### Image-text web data

*** Begin section ***

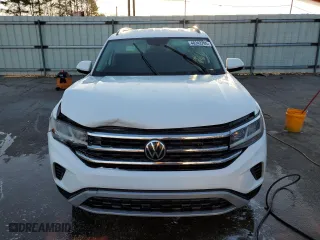 2021 Volkswagen Atlas 3.6L V6 SE w/Technology with VIN 1V2HR2CA6MC532834, listed as a Copart auction lot 48243785 with 95,387 mi miles and Salvage Title. Bid and sale history available at carsss.com. Image 5.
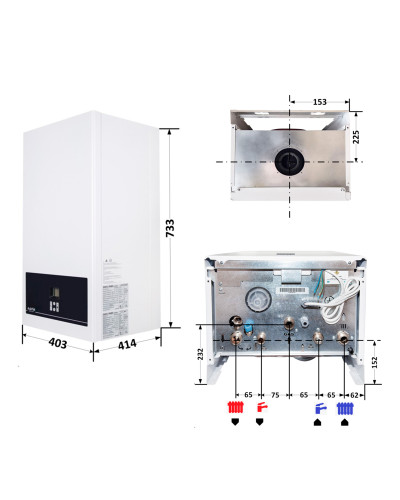 Котел газовий Airfel DigiFEL Premix 30 кВт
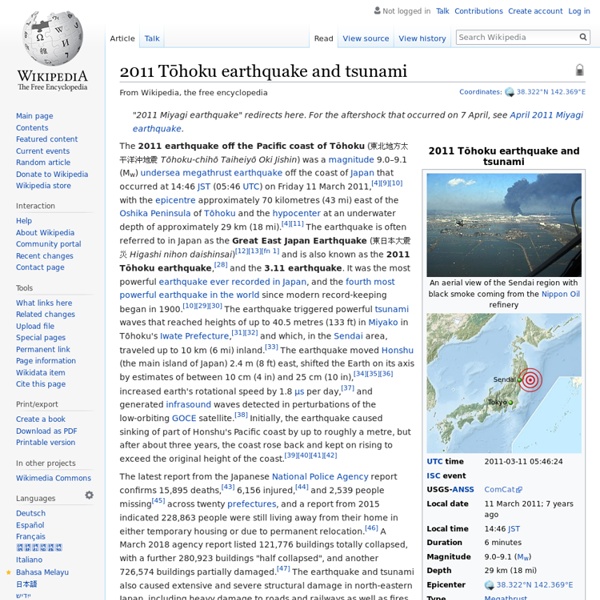 2011 Tōhoku earthquake and tsunami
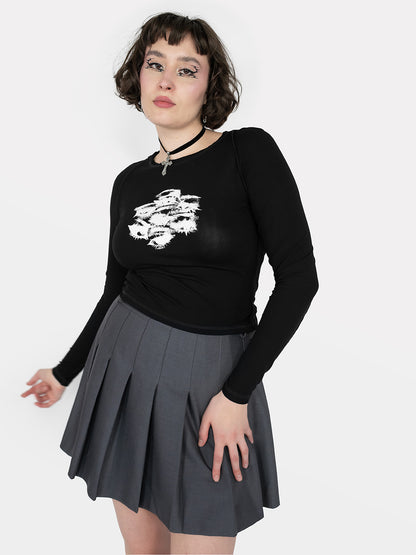Szara tennis skirt ze szlufkami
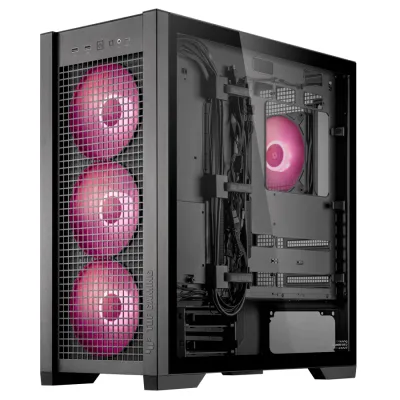 ASUS TUF Gaming GT302 ATX Mid-Tower Compact Case 背插式ARGB機箱 - 黑色
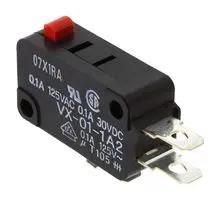 MICROSWITCH, SPDT, 0.1A, 30V, 25GF VX-01-1A2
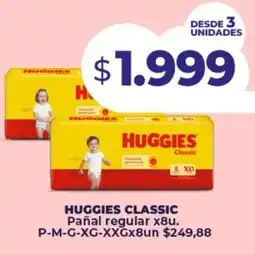 Supermayorista Vital Huggies classic pañal regular oferta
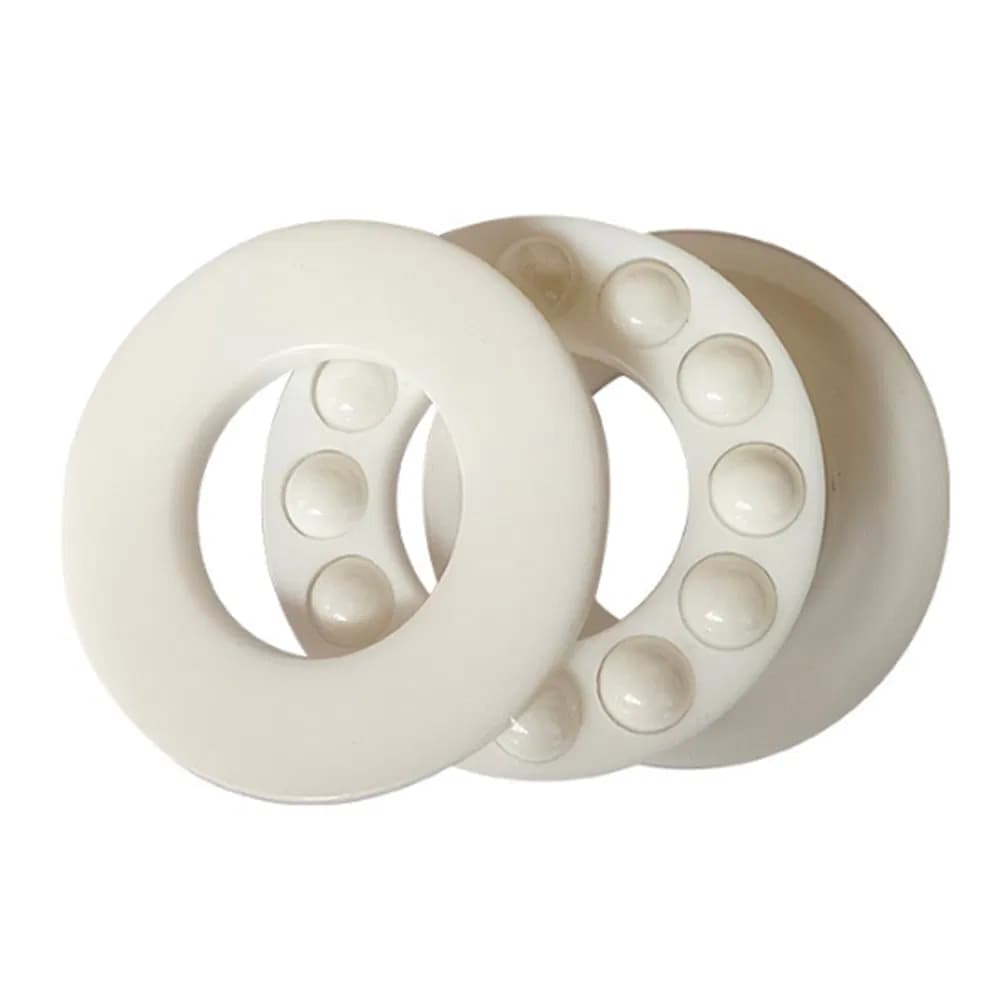 Zro2 Bearing 51105 Size 25*42*11mm Zirconia Ceramic Thrust Ball Bearing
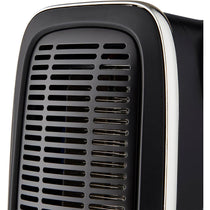 Swan Vertical Fan Heater With 2 Heat Settings Adjustable Thermostat 2000W - Black & Chrome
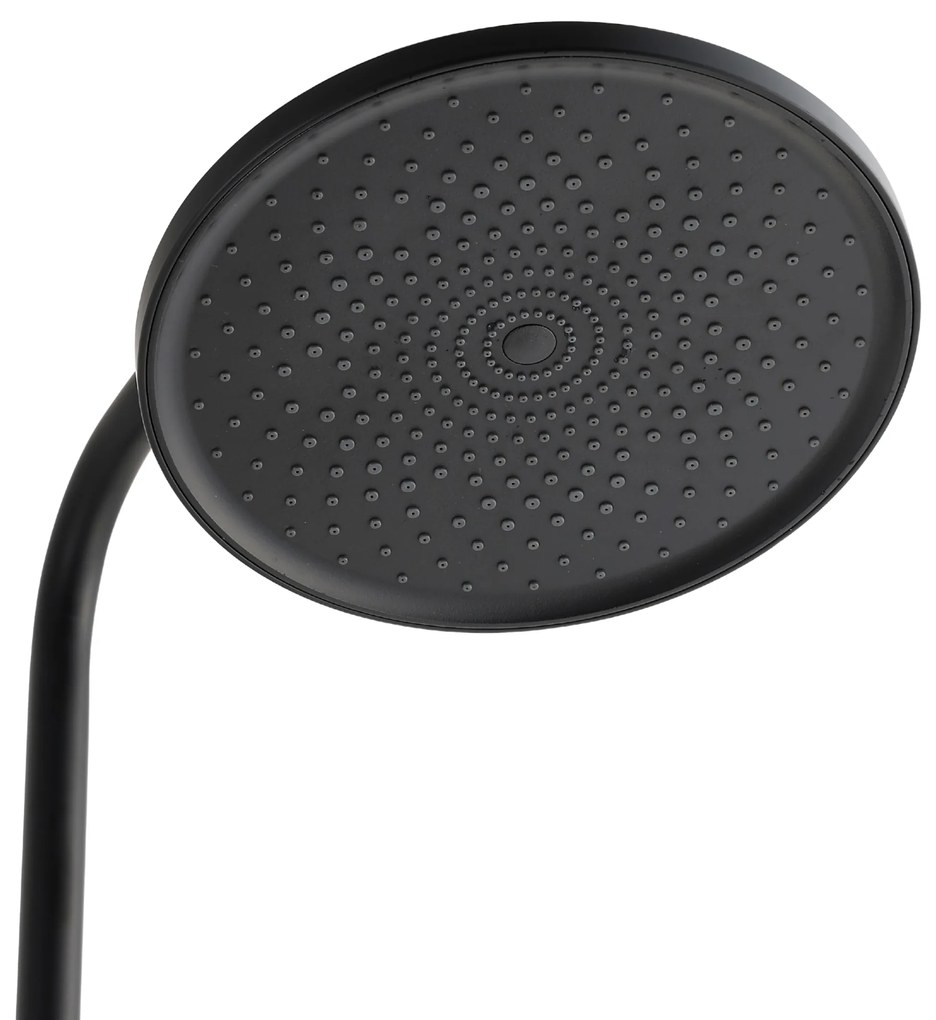 Invena Kalymnos, sprchová súprava s pákovou batériou, čierna matná, INV-AU-28-004-V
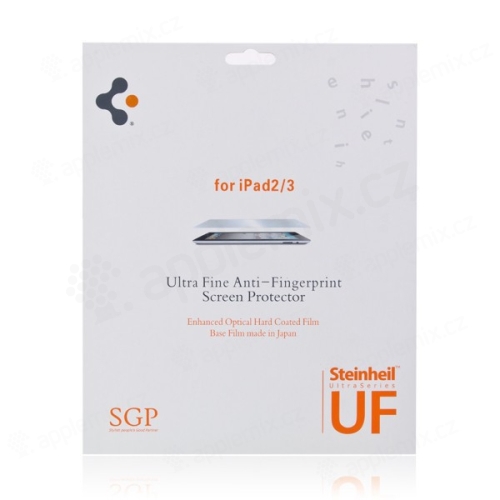 Ochranná fólie SGP pro Apple iPad 2. / 3. / 4.gen. - Ultra Fine Anti-Fingerprint - přední
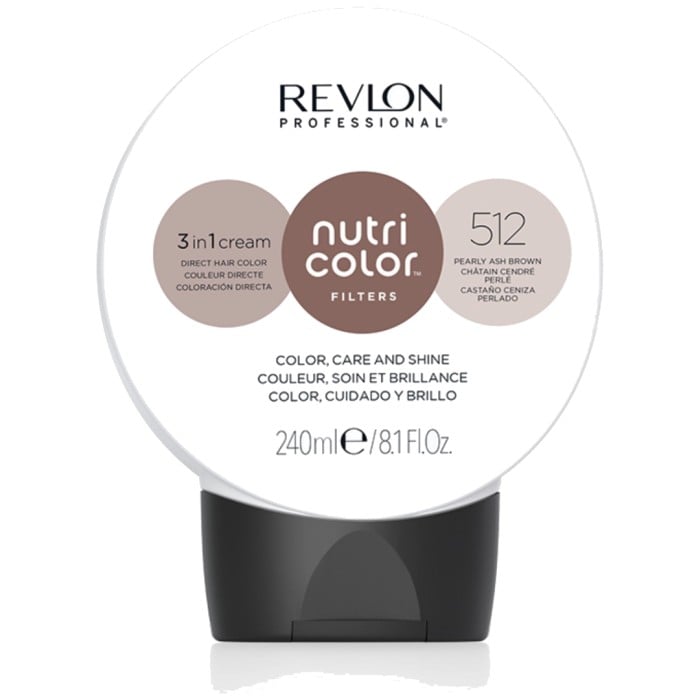 Revlon Professional Nutri Color Filters 512 Pearly ash brown 240 ml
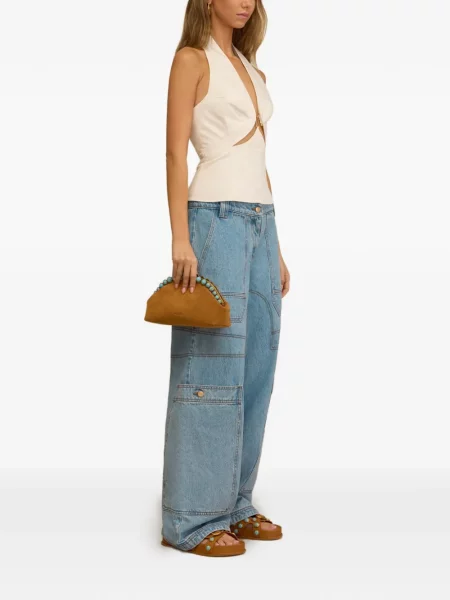 Top Cult Gaia cu gât halter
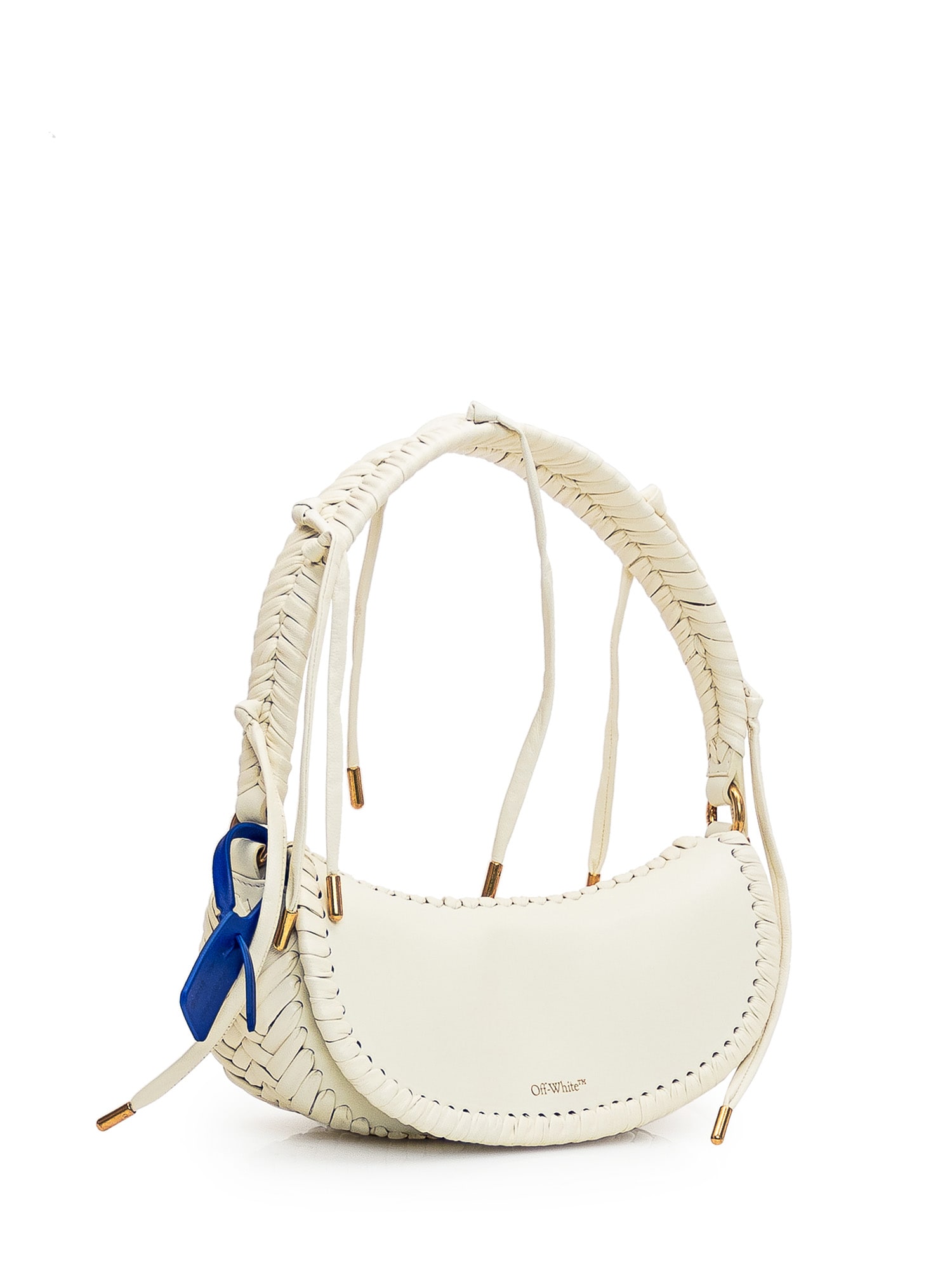 Shop Off-white Leather Bag In Beige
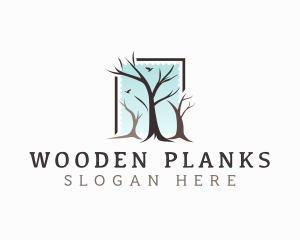 Landscaping Tree Branch logo design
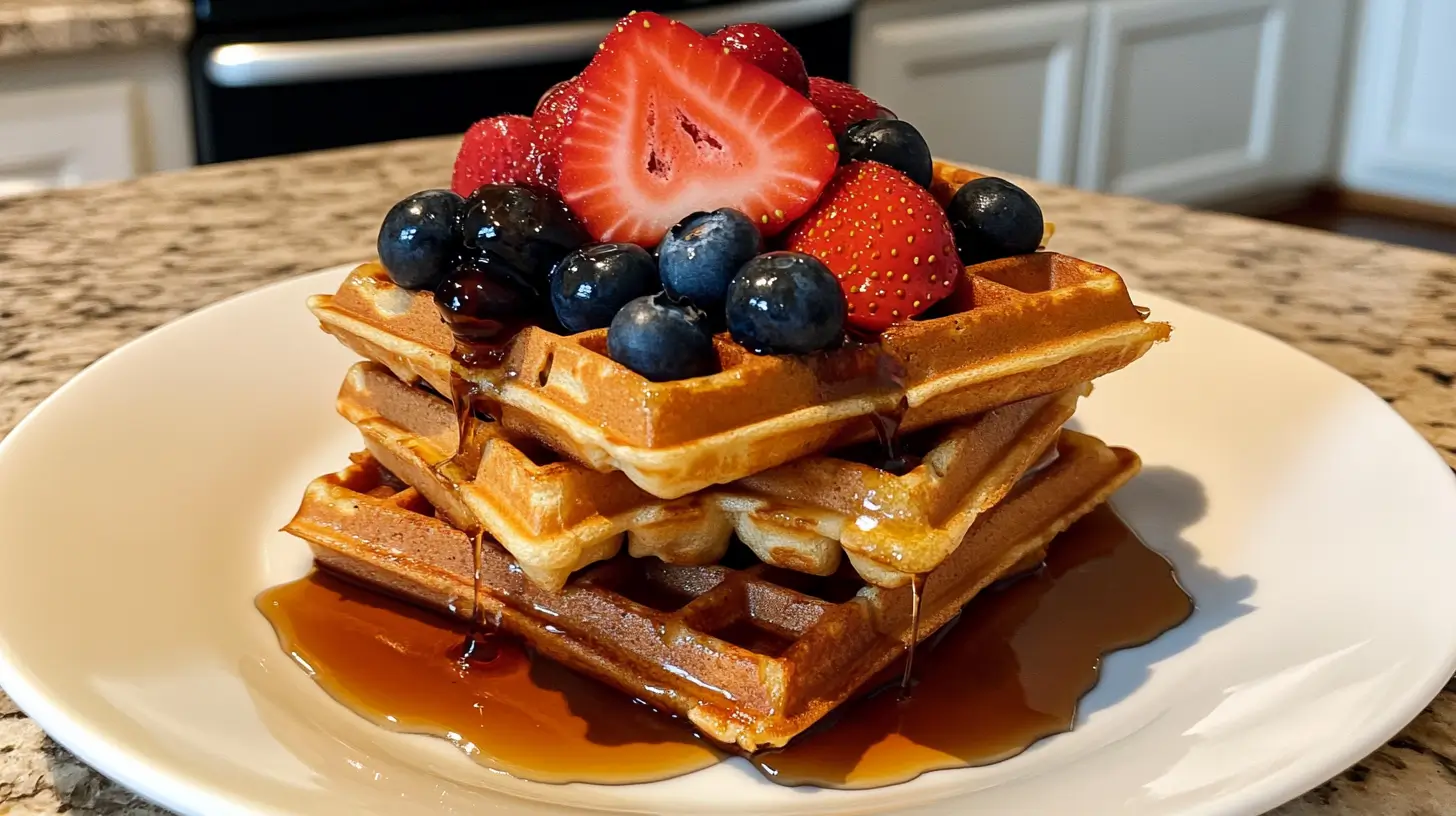 vegan waffle recipe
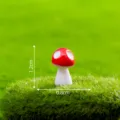 Miniatura statuetta fungo rosso e bianco per paesaggio di muschio decorazione fai da te - N. 23 piccolo 3 punti rosso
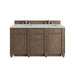 Bristol 60" Double Vanity, Whitewashed Walnut w/ 3 CM Carrara Marble Top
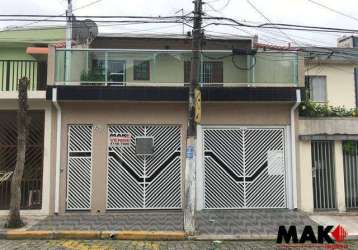 Sobrado com 2 dormitórios à venda, 180 m² por r$ 700.000,00 - vila figueira - suzano/sp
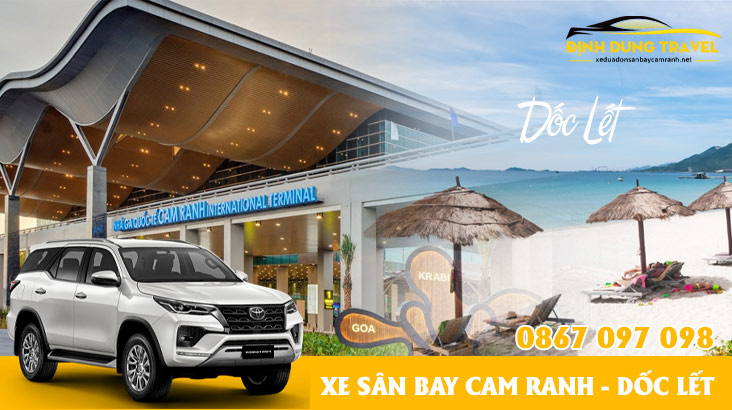 xe sân bay cam ranh đi dốc lết bao nhiêu km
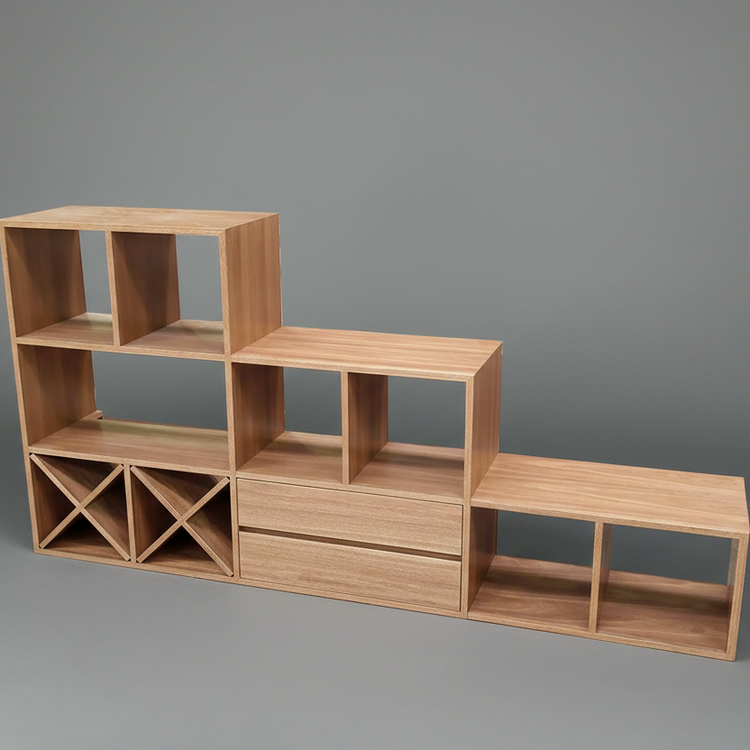 Asymmetrical Step Cube Unit - Custom Designed Display Cabinet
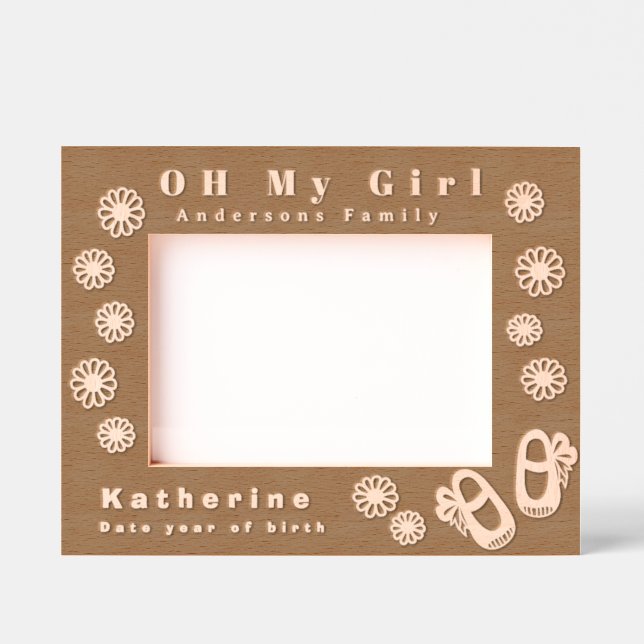 Oh My Girl Baby  Etched Frames (Front)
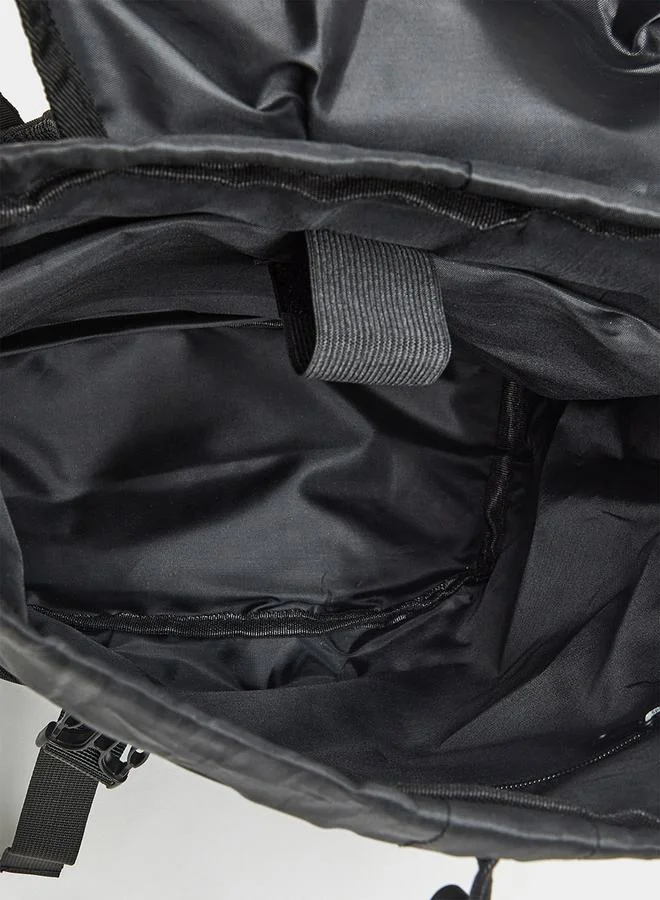 Styli Solid Backpack With Drawstring Closure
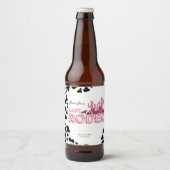 Cowgirl bachelorette party Last Rodeo Bier Etiket (Voorkant)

*** End section ***

### Work to complete
Reproduce all of the records above exactly, but exclude the pictures.

### Task solution
 2021 Volkswagen Atlas 3.6L V6 SE w/Technology with VIN 1V2HR2CA6MC532834, listed as a Copart auction lot 48243785 with 95,387 mi miles and Salvage Title. Bid and sale history available at carsss.com. Image 5.
 Котел газовий Airfel DigiFEL Premix 30 кВт
 2011 Tōhoku earthquake and tsunami
Szara tennis skirt ze szlufkami
 ASUS TUF Gaming GT302 ATX Mid-Tower Compact Case 背插式ARGB機箱 - 黑色
 MICROSWITCH, SPDT, 0.1A, 30V, 25GF VX-01-1A2
 Supermayorista Vital Huggies classic pañal regular oferta
 Zro2 Bearing 51105 Size 25*42*11mm Zirconia Ceramic Thrust Ball Bearing
 Swan Vertical Fan Heater With 2 Heat Settings Adjustable Thermostat 2000W - Black & Chrome
 Invena Kalymnos, sprchová súprava s pákovou batériou, čierna matná, INV-AU-28-004-V
 Ochranná fólie SGP pro Apple iPad 2. / 3. / 4.gen. - Ultra Fine Anti-Fingerprint - přední
 Revlon Professional Nutri Color Filters 512 Pearly ash brown 240 ml
 Top Cult Gaia cu gât halter
 Shop Off-white Leather Bag In Beige
 Landscaping Tree Branch logo design
 vegan waffle recipe
 Miniatura statuetta fungo rosso e bianco per paesaggio di muschio decorazione fai da te - N. 23 piccolo 3 punti rosso
 Bristol 60" Double Vanity, Whitewashed Walnut w/ 3 CM Carrara Marble Top
 Sobrado com 2 dormitórios à venda, 180 m² por r$ 700.000,00 - vila figueira - suzano/sp
 xe sân bay cam ranh đi dốc lết bao nhiêu km
 Asymmetrical Step Cube Unit - Custom Designed Display Cabinet
 Oh My Girl Baby  Etched Frames (Front)
 Styli Solid Backpack With Drawstring Closure
 Cowgirl bachelorette party Last Rodeo Bier Etiket (Voorkant)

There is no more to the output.